Non-Normalizing Specifications

Any specification that does not specify normalization explicitly (and all new specifications) is required to follow this set of specifications:

[S] Specifications that do not normalize MUST document or provide a health-warning if canonically equivalent but disjoint Unicode character sequences represent a security issue.

[S][I] Specifications and implementations MUST NOT assume that content is in any particular normalization form. The normalization form or lack of normalization for any given content has to be considered intentional.

[S][I] For namespaces and values that are restricted to the Basic Latin (ASCII) subset of Unicode, ACI and ACS matching MAY be specified.

[S][I] For namespaces and values that are not restricted to Basic Latin (ASCII), case-insensitive matching MUST specify either UniCF or locale-sensitive string comparison.

[I] Implementations MUST NOT alter the normalization form of content being exchanged, read, parsed, or processed as content might depend on the de-normalized representation.

[S] Specifications MUST specify that string matching takes the form of "code point-by-code point" comparison of the Unicode character sequence, or, if a specific Unicode character encoding is specified, code unit-by-code unit comparison of the sequences.

Unicode Normalizing Specifications

For specifications of text-based formats and protocols that have already defined Unicode Normalization as a requirement, the following requirements apply:

[S] Specifications of text-based formats and protocols MAY, as part of their syntax definition, require that the text be in normalized form. Any such specification MUST define string matching in terms of normalized string comparison and MUST define the normalized form to be NFC.

[S] [I] A text-processing component which receives suspect text MUST NOT perform any normalization-sensitive operations unless it has first either confirmed through inspection that the text is in normalized form or it has re-normalized the text itself. Private agreements MAY, however, be created within private systems which are not subject to these rules, but any externally observable results MUST be the same as if the rules had been obeyed.

[I] A text-processing component which modifies text and performs normalization-sensitive operations MUST behave as if normalization took place after each modification, so that any subsequent normalization-sensitive operations always behave as if they were dealing with normalized text.

[S] Specifications of text-based languages and protocols SHOULD define precisely the construct boundaries necessary to obtain a complete definition of full-normalization. These definitions SHOULD include at least the boundaries between markup and character data as well as entity boundaries (if the language has any include mechanism) , SHOULD include any other boundary that may create denormalization when instances of the language are processed, but SHOULD NOT include character escapes designed to express arbitrary characters.

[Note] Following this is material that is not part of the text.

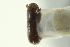  ( - CNC COLEO 00103169)  @11 [ ] CreativeCommons - Attribution (2012) CNC/CBG Photography Group Centre for Biodiversity Genomics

[I] Authoring tool implementations for a (formal) language that does not mandate full-normalization SHOULD either prevent users from creating content with composing characters at the beginning of constructs that may be significant, such as at the beginning of an entity that will be included, immediately after a construct that causes inclusion or immediately after markup, or SHOULD warn users when they do so.

[S] Where operations may produce unnormalized output from normalized text input, specifications of API components (functions/methods) that implement these operations MUST define whether normalization is the responsibility of the caller or the callee. Specifications MAY state that performing normalization is optional for some API components; in this case the default SHOULD be that normalization is performed, and an explicit option SHOULD be used to switch normalization off. Specifications SHOULD NOT make the implementation of normalization optional.

[S] Specifications that define a mechanism (for example an API or a defining language) for producing textual data object SHOULD require that the final output of this mechanism be normalized.

Obsolete?

[S] [I] Specifications and implementations MUST document any deviation from the above requirements.

[S] Specifications MUST document any known security issues related to normalization.